Question

If a, b, c are in H.P. then find the value of $ \dfrac{b+a}{b-a}+\dfrac{b+c}{b-c} $ .
(a) 1
(b) 3
(c) 4
(d) 2

Answer 1

Hint: If a, b, c, are in H.P. The reciprocal of their individual terms will be in arithmetic progression that is A.P. and when an odd number of terms are given in A.P. then we should let the middle term of the series as reference for the other terms to simplify the equations. So we take the middle term as $ {{a}_{1}} $ and then accordingly we get the first and third term too. Then, again we take their reciprocals and substitute in the given expression to get the final answer.
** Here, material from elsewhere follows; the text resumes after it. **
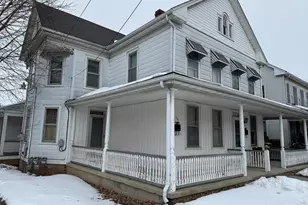 419 Frederick St, Hanover, PA 17331 - Photo 2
Complete step-by-step answer:
Here it is given that a, b, c, are in H.P. hence, $ \dfrac{1}{a},\dfrac{1}{b},\dfrac{1}{c} $ are in A.P.
Now we have to express the terms of the A.P. in a way which will make our equation easy to simplify, whenever odd number of terms are given in an A.P. try to assume middle term of that A.P. as a random variable say $ {{a}_{1}} $ and other terms accordingly,
   $ \begin{align}
  & \dfrac{1}{a}={{a}_{1}}-d, \\
 & \dfrac{1}{b}={{a}_{1}}, \\
 & \dfrac{1}{c}={{a}_{1}}+d. \\
\end{align} $
Where d, is supposed to be the common difference of A.P. and $ {{a}_{1}} $ is any random variable equal to $ \dfrac{1}{b} $ .
After taking the reciprocal on both sides of above equation we can write them as,
\[\begin{align}
  & a=\dfrac{1}{{{a}_{1}}-d}, \\
 & b=\dfrac{1}{{{a}_{1}}}, \\
 & c=\dfrac{1}{{{a}_{1}}+d} \\
\end{align}\]
Now, put the above values of a, b, c as \[\dfrac{1}{{{a}_{1}}-d},\dfrac{1}{{{a}_{1}}},\dfrac{1}{{{a}_{1}}+d}\] in the given equation $ \dfrac{b+a}{b-a}+\dfrac{b+c}{b-c} $ .
And we’ll get the following result,
\[\dfrac{b+a}{b-a}+\dfrac{b+c}{b-c}=\dfrac{\dfrac{1}{{{a}_{1}}}+\dfrac{1}{{{a}_{1}}-d}}{\dfrac{1}{{{a}_{1}}}-\dfrac{1}{{{a}_{1}}-d}}+\dfrac{\dfrac{1}{{{a}_{1}}}+\dfrac{1}{{{a}_{1}}+d}}{\dfrac{1}{{{a}_{1}}}-\dfrac{1}{{{a}_{1}}+d}}\]
Taking LCM of the terms in the numerator and denominator on the RHS, we get
\[\dfrac{b+a}{b-a}+\dfrac{b+c}{b-c}=\dfrac{\dfrac{{{a}_{1}}-d+{{a}_{1}}}{{{a}_{1}}({{a}_{1}}-d)}}{\dfrac{{{a}_{1}}-d-{{a}_{1}}}{{{a}_{1}}({{a}_{1}}-d)}}+\dfrac{\dfrac{{{a}_{1}}+d+{{a}_{1}}}{{{a}_{1}}({{a}_{1}}+d)}}{\dfrac{{{a}_{1}}+d-{{a}_{1}}}{{{a}_{1}}({{a}_{1}}+d)}}\]
Cancelling out similar terms and simplifying further on RHS, we will get
\[\dfrac{b+a}{b-a}+\dfrac{b+c}{b-c}=\dfrac{2{{a}_{1}}-d}{-d}+\dfrac{2{{a}_{1}}+d}{d}\]
\[\dfrac{b+a}{b-a}+\dfrac{b+c}{b-c}=\dfrac{1}{d}\left( -2{{a}_{1}}+d+2{{a}_{1}}+d \right)\]
\[\dfrac{b+a}{b-a}+\dfrac{b+c}{b-c}=\dfrac{1}{d}\times 2d\]
Cancelling out variable d, we get
\[\dfrac{b+a}{b-a}+\dfrac{b+c}{b-c}=2\]
Hence the value of the given expression $ \dfrac{b+a}{b-a}+\dfrac{b+c}{b-c} $ is 2.
So, the correct answer is “Option D”.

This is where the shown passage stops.